BEIJING -- The blossoming personality cult around Chinese President Xi Jinping is casting a shadow over the country's social and economic activities, invoking memories of the decade-long chaos under Mao Zedong's Cultural Revolution that began 50 years ago.
Officials in Chongqing are working hard to increase freight rail shipments passing through the inland Chinese city. The goal is to establish one daily round trip from the city directly to Europe.
"Actual demand for shipments is plunging due to the economic slowdown in Europe," an industry source said. Yet the seemingly unprofitable project forges on, thanks to Xi.
Xi visited Germany's Duisburg port, the end point of a cargo rail link from Chongqing, in March 2014, where he said that China and Germany must join hands in creating an economic belt. His visit demonstrated the importance of railroads to his "One Belt, One Road" initiative, designed to create a massive economic zone along historic Silk Road routes.

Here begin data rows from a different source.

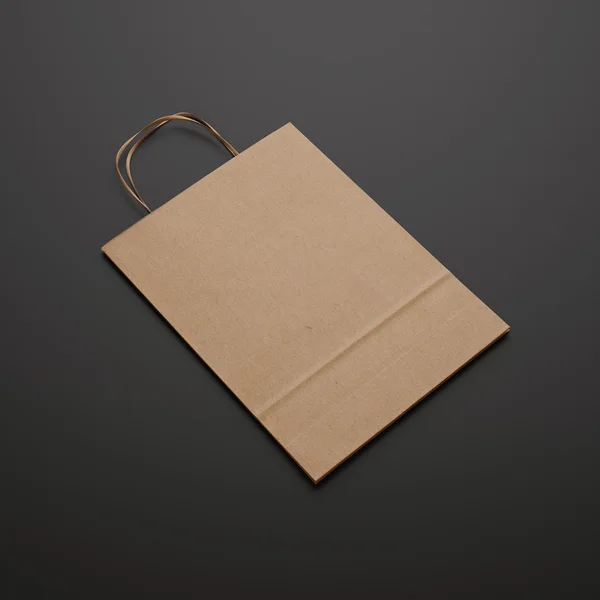 Kahverengi kağıt torba kulplu — Stok fotoğraf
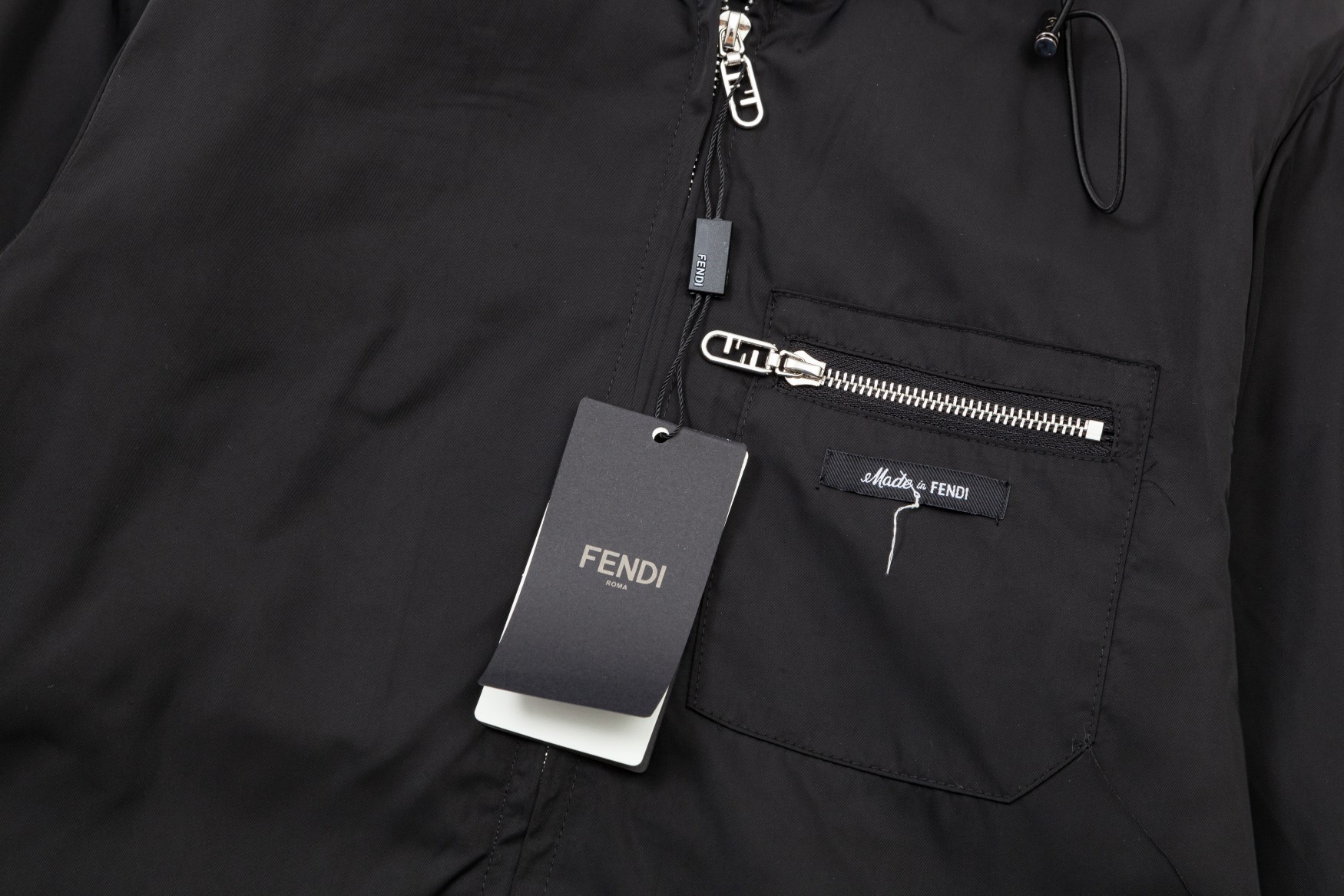 【LOUIS VUITTON  公式旗艦店】ルイヴィトン  ジャケット着 好評に付き再入荷 240826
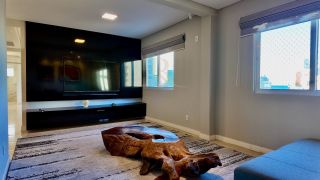 Cobertura duplex para locação na Praia Brava, na divisa com a Praia dos Amores - BC.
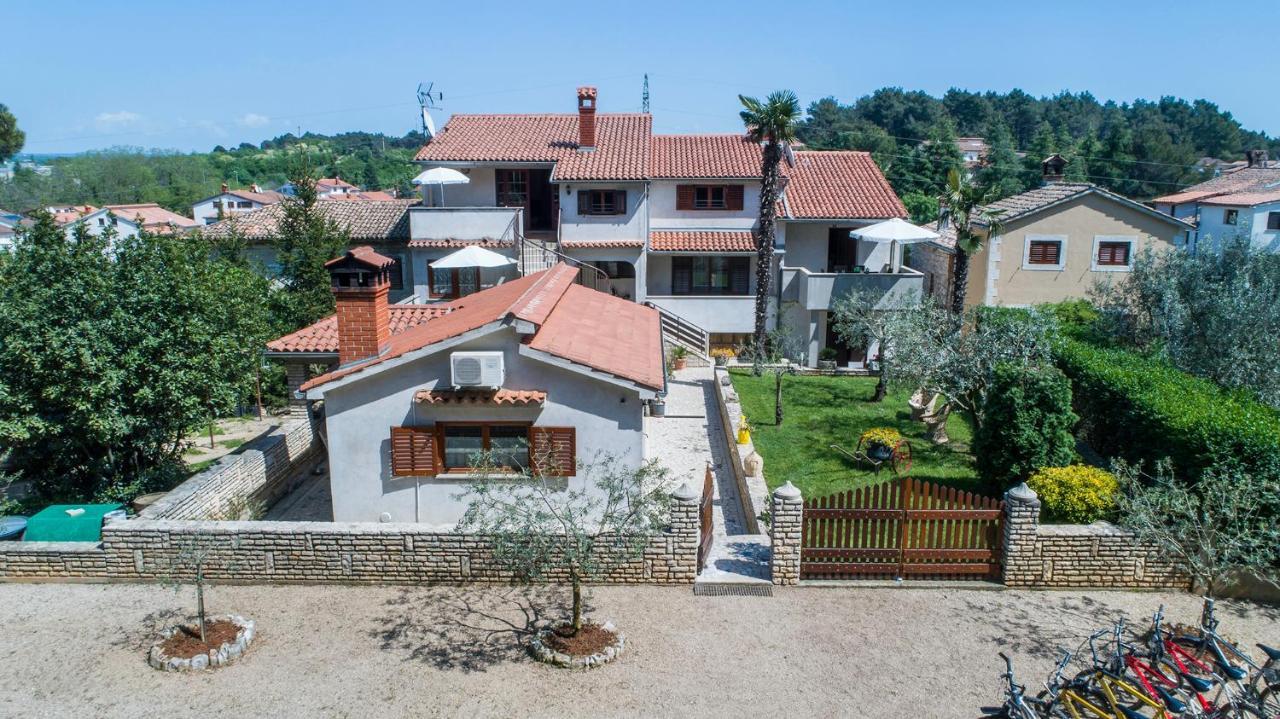 Apartments Rita Пореч Екстериор снимка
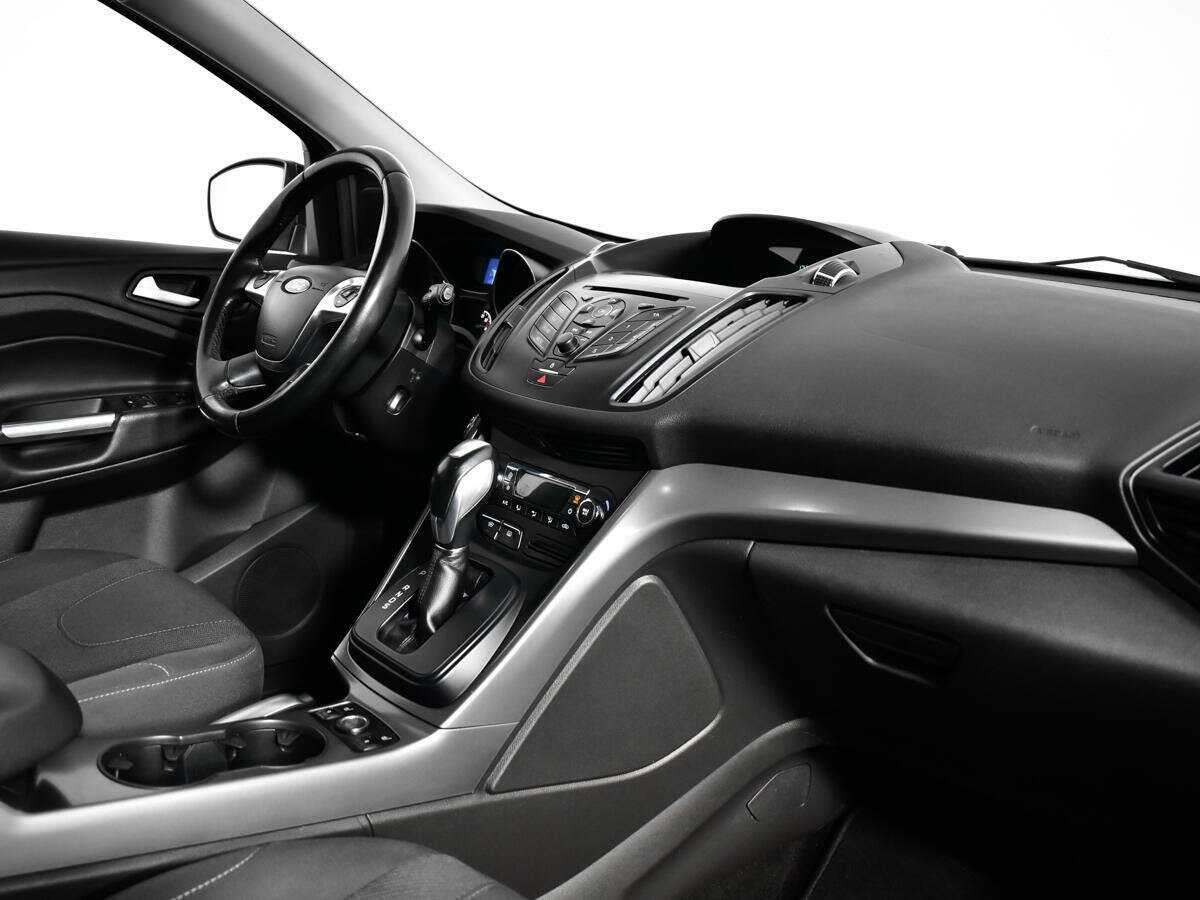 Ford Kuga б/у, 2015, Автоматическая. Фото: #8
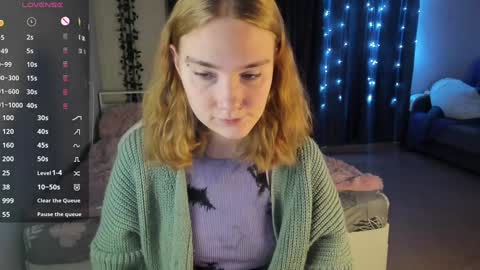 Snapshot of betty_witchy chatting on 01-29-25, 01:05 Dory make me happier online show from 01-29-25, 01:05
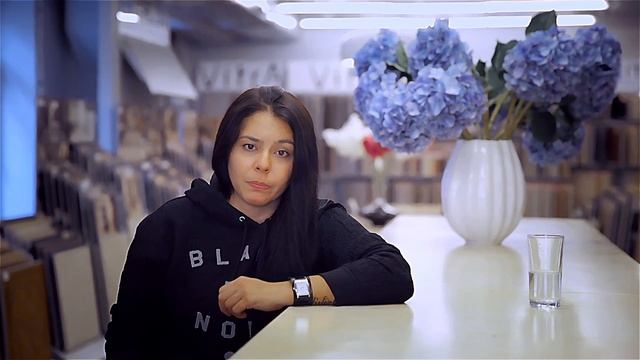 Ламинат для стен вместо обоев и краски смотреть онлайн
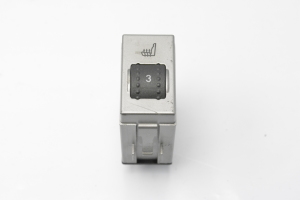 Heated seat switch - 8V4T19K314
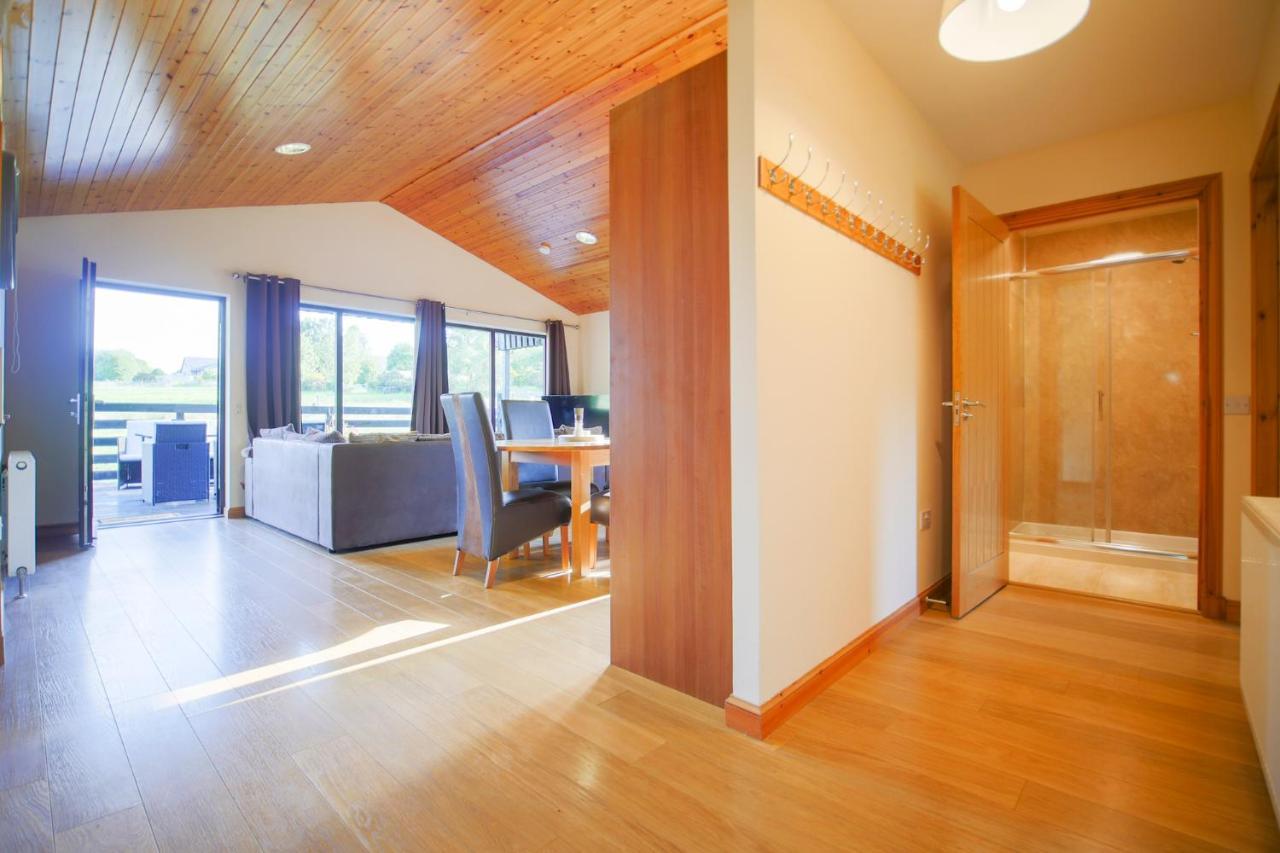 Glenview Chalet Park 因弗内斯 外观 照片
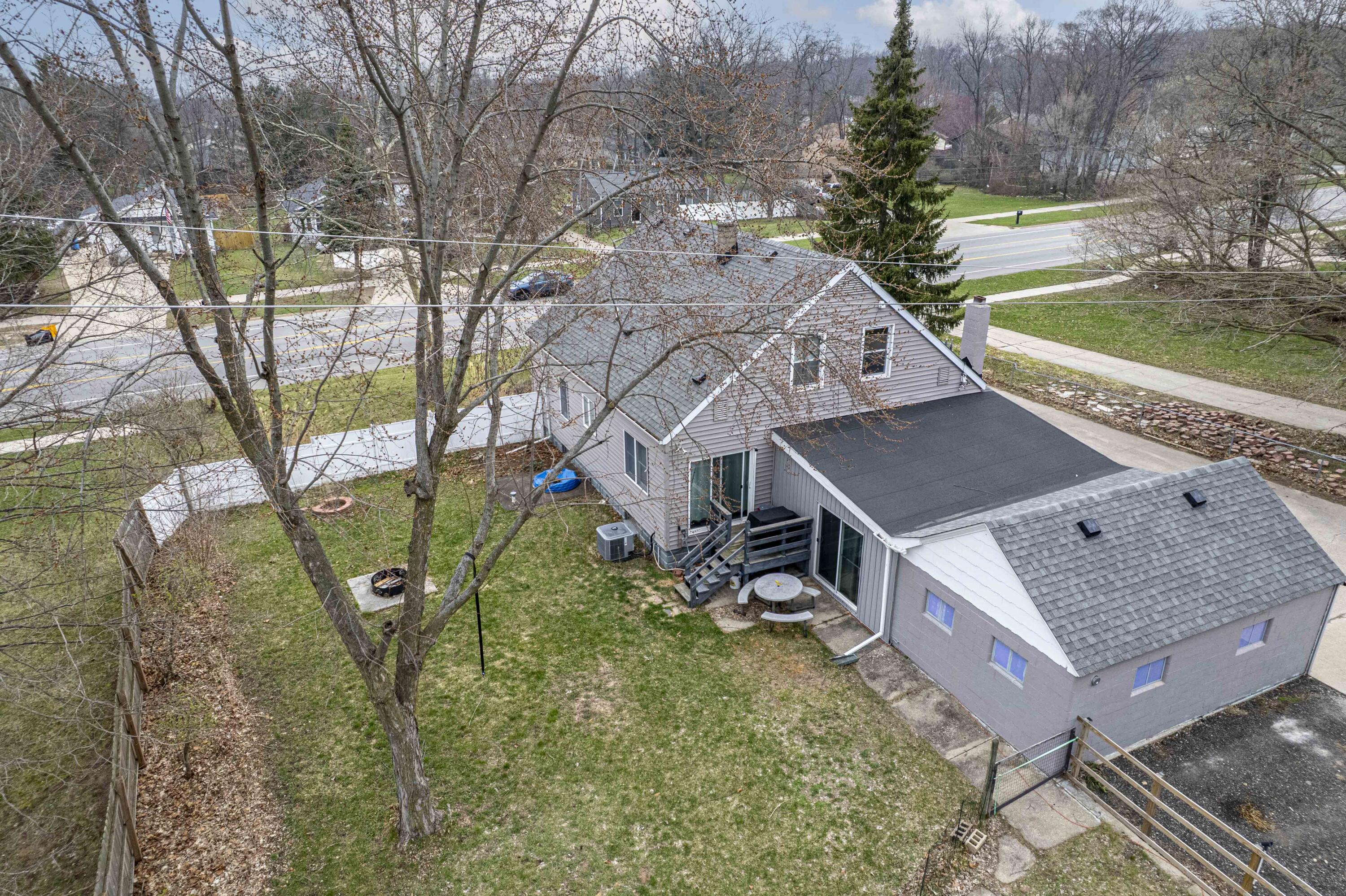 904 60th Street SE Grand Rapids MI 49508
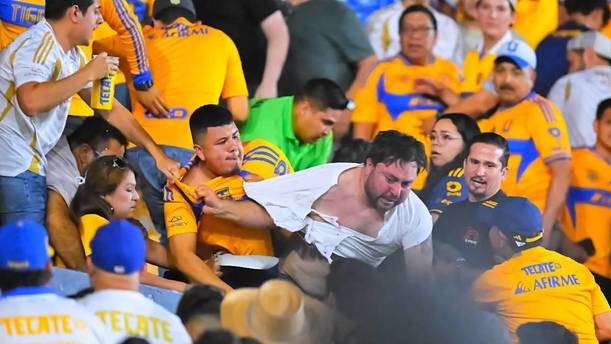 Se registró pelea en el Tigres vs América / Mexsport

Beijing appears preoccupied with advancing Xi's pet projects, with no leeway for considering cutbacks. Some government officials voice concerns about the country's finances, since almost any project linked to the One Belt, One Road initiative is given funding.
A state-run company confiscated its executives' passports last year in order to cut down on business trips abroad, taking heed of Xi's calls for spending cuts and tighter controls on information.
"Nobody wants to go overseas because they don't want to attract attention," a company executive said. "It's impacting our work."
Mao Zedong solidified his grip on power during the Cultural Revolution by establishing a personality cult with the help of student Red Guards and the general public. Under Mao's rule, Xi was forced at the age of 15 to move from Beijing to a farming village in Shaanxi Province. The seven years he spent there were marked with hardships, but also made him understand the importance of power.
"Today's society feels eerily similar to that during the Cultural Revolution," an expert in Beijing said.
Xi launched an anti-corruption campaign, sending many of his political rivals to the curb on the pretext of stamping out crooked officials. Beijing elites meanwhile have begun referring to him as the "core" of the Communist Party. The internet is filled with songs praising Xi. One music video based on his trip to a farming town in Hunan Province features a close-up of Xi speaking with the locals.
He has surrounded himself with close aides, such as Liu He, who heads the government's financial and economic planning committee, and has broke from the convention of entrusting economic policies to the premier. His team spouts populist promises like reducing poverty and doubling income. But a strong government does not guarantee social or economic stability.
"The biggest risk of having one person make all the decisions is that he cannot take responsibility for his mistakes," a researcher at a government-affiliated think tank said. An authoritarian ruler may only be told of positive developments. China's nominal gross domestic product grew nearly by a factor of 400 in the last half century. The entire globe would suffer if the leader of the world's second-largest economy goes down the wrong path.
Xi is also tightening his reins on freedom of speech. The Communist Party on May 2 placed influential businessman Ren Zhiqiang on probation for a year for criticizing Xi online. Ren's blog, which had 37 million followers, has been shut down. His father is a long-time party official, but Xi is making clear that no one will be given special treatment.
Xi had said in January that "there are careerists and conspirators existing in our Party and undermining the Party's governance," party mouthpiece People's Daily reported on May 3. "We should not bury our heads in the sand and spare these members," he added. He also demanded loyalty from the media during his February tour of a state-run TV station.
"Xi's true colors lie in strict government controls," a liberal intellectual said in hushed tones. The president has said that he welcomes constructive criticisms from experts and online, but few take such remarks at face value. Mao had once invited criticism under the Hundred Flowers Campaign, but he quickly changed his mind and began suppressing all expressions of dissent.